/Query-Processor

This is a query processor i built in Python, using elastic search for parsing documents.This also compares different scoring models and outputs the documents according to Rank.

Primary LanguagePython

Introduction

This is a query processor i built in Python, using elastic search for parsing documents.

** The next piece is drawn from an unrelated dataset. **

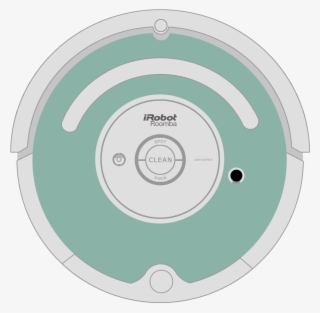 Irobot Roomba 520 Vector Image - Irobot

Objective is to parse 84000 documents and compute the best 100 relevant documents for each of the 25 queries using custom scoring models.

Implemented using

  • Python
  • Groovy
  • Elastic Search

I used the following 5 models for calculating scores(using custom groovy scripts).

  • Okapi TF
  • TF-IDF
  • Okapi BM
  • Unigram LM with Laplace Smoothing
  • Unigram LM with Jelinek-Mercer Smoothing

Setup

  • Install Elastic search.
  • Place the contents of the config folder in elasticsearch-1.4.2\elasticsearch-1.4.2 in the respective elastic search folder.
  • start the service using the command: service start
  • Open Sense through Marvel plugin localhost:9200/_plugin/marvel/
  • Run the Sense commands provided in the Sense setup.txt
  • Run the python file create_index.py to create the indexes and computequery.py to query the documents.
  • 5 output files for each of the 5 models would be created in a Results folder.